Pakistan ended the fourth day well in control of the first Test, thanks to an unbeaten 99 from Misbah-ul-Haq and four wickets from Yasir Shah, leaving West Indies at 93 for 4 and still 28 runs short of making Pakistan bat again.
After the drama of Misbah becoming the first Pakistan batsman to be stranded on 99 – Mohammad Abbas failing in an attempt to review a marginal lbw decision – West Indies began their reply solidly after tea. But just as the session was drifting off, Misbah turned to Yasir. The ball had spun considerably earlier in the day for his West Indies counterpart Devendra Bishoo, and with the cracks on the pitch beginning to open up, it was a natural decision.
What wasn’t quite as natural was the speed with which the bowling change paid off. Yasir pitched the first ball of his spell on an off-stump line. The length was perfect for a legspinner, and Kraigg Brathwaite appeared to have no choice but to get on the back foot and watch for the turn. The ball skidded on, however, at flipper-like pace, and the attempt to cut was doomed. Two balls later, Yasir found the debutant Shimron Hetmyer’s glove, who was fortunate to see it drop short of slip. Suddenly, new life was breathed into Pakistan’s efforts.
Wahab Riaz was also introduced soon after, but he served as a pressure release valve for the West Indies batsmen, if anything. All the action was happening at the other end, and as the shadows lengthened, every single Yasir delivery became a must-watch event. When Hetmyer smashed Yasir impressively, dismissively down the ground for six, you almost expected Yasir to come back with a vengeance. The legspinner didn’t disappoint, getting Shane Warne-esque turn the very next ball as Hetmyer went back and attempted to keep it out, only to end up dragging it on to his stumps.
Yasir wasn’t nearly done yet, as four overs later he trapped Shai Hope plumb in front with a quicker delivery that skidded on to his front pad. There was still time for one final blow to the solar plexus of the West Indies line-up, as opener Kieran Powell, who had watched all the carnage unfold from the other end, edged to first slip on 49. Younis Khan was standing there to complete the dismissal, as West Indies headed for stumps dazed, dispirited, and, in all likelihood, defeated.

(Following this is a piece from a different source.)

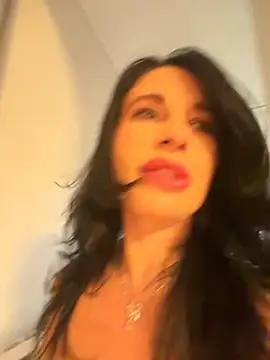 Snapshot of MichelleCara chatting on December 4, 2025, 9:08 am MichelleCara online show from December 4, 2025, 9:08 am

West Indies’ second innings had started off uneventfully, as the openers came out looking like they had made survival their priority, at least for the session. Mohammad Amir generated a bit of swing while Abbas was his usual disciplined self, but Powell and Brathwaite were intent on not allowing Pakistan to make early inroads this time, and looked to see off the new ball with as little fuss as possible. The only chance for the faster bowlers came in Abbas’s first over, as Powell chipped straight back to the bowler’s left, who couldn’t hang on despite getting a good hand to the ball.
Pakistan had earlier posted 407, thanks to a quickfire half-century from Sarfraz Ahmed to go with Misbah’s efforts. Even though West Indies struck back in the afternoon session with regular wickets, a 10th-wicket partnership of 34 between Misbah and Abbas dashed their hopes of keeping Pakistan’s lead to under 100, and therefore keeping alive the possibility – however remote – of the hosts charting a course to victory.
The Pakistan batsmen had looked wobbly in the opening session, but poor fielding by West Indies – a catch and a stumping were missed – ensured they were able to establish a position of dominance and stretch their lead.
Shannon Gabriel and Alzarri Joseph extracted sharp bounce off the surface, clearly discomfiting both Asad Shafiq and Misbah, neither of whom looked confident in dealing with the shorter length. Shafiq’s eventual dismissal brought Sarfraz to the crease, and along with him came a sense of urgency to an innings that had stalled somewhat.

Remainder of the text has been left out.